When I looked up, I was face-to-face with a white deity: Salcantay.

No wonder people had been talking about this mountain since forever. In the middle of some of the world’s tallest peaks, it completely dominated the skyline. I hurried up the path to the platform for a better look. The first thing I saw at the top was the back side of a familiar form, wearing a ski cap and videotaping everything in a slow semicircle.

“Best views in the world and no one’s here!” John shouted when he saw me. The panorama was staggering. Almost everything I’d seen in Peru in the last year was visible from this one spot.

“Look at this, Mark! It’s just sensational! There’s Salcantay, of course. You’ll notice a piece missing from that side. That’s the part that caused the alluvion when it fell into the Aobamba River and wiped out the railway.” It looked like someone had taken the tiniest nibble of a snow cone. “To the right is Pumasillo—you might just be able to make out the Choquetacarpo Pass that we crossed.
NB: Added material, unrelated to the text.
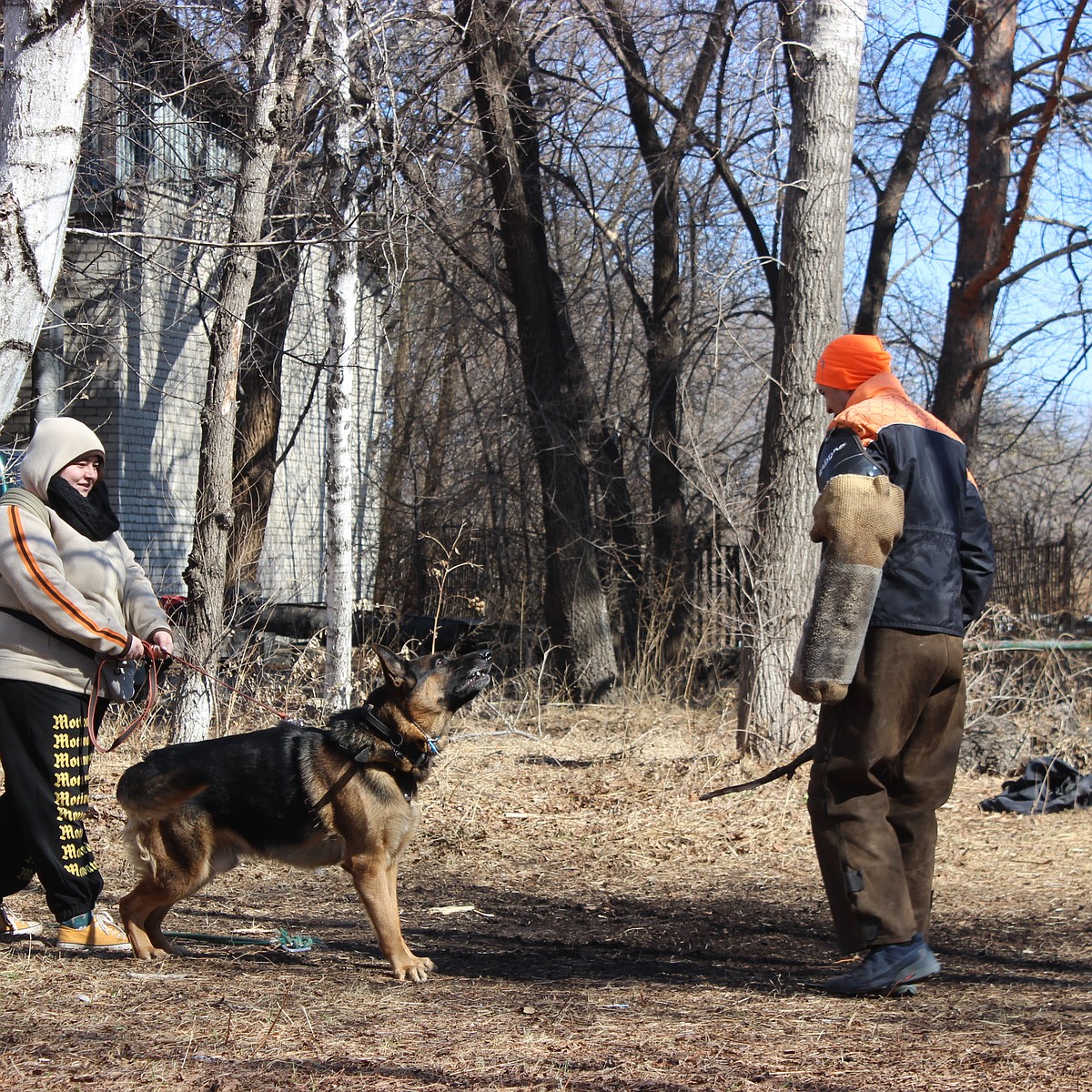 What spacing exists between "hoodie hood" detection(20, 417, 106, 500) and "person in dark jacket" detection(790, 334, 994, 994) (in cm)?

Over there, behind that mountain, is Choquequirao. And if you come over here . . .” We turned to the right and walked to the edge of the platform. “Over there is Llactapata, and beyond that are Vitcos and Espiritu Pampa. And you might recognize that small, green pointy peak down there.”

I finally found the one he was trying to single out. “That one?”

“Recognize it? You’ve been up there. It’s Mount Machu Picchu!” It was like a Christmas tree lost in a stand of redwoods. “And if you follow that line along the ridge, that’s the Inca Trail leading to the Sun Gate. Just think, at this very moment people are dragging themselves up to the Sun Gate when they should be right here.”

Efrain arrived, still rubbing the sleep from his eyes. He took his hat off, faced Salcantay, and held it to his chest. “The older mountain men, sixty or seventy years old, do this when they see a mountain. It’s a way of giving respect to the apus.” He walked to the edge. “From here you can see everything—jungle, highland, the Andes. Everything. There’s no question about it—the Incas got to Machu Picchu and said, ‘This is a sacred center. We must build here.’”

The sun began to crest over the top of Mount Veronica to the east, a reminder that hundreds of people would also be standing above the Torreon at this moment, for today was the first day of the solstice.

We lingered past our usual departure hour, then moved on toward Machu Picchu, skirting the agricultural ruins of Inti Pata and passing through a tunnel carved through solid rock. We ate bag lunches at Wiñay Wayna, the last of the major sites along the Inca Trail. The massive convex ruins were so overgrown in Bingham’s time that he missed them altogether; they weren’t discovered until 1941.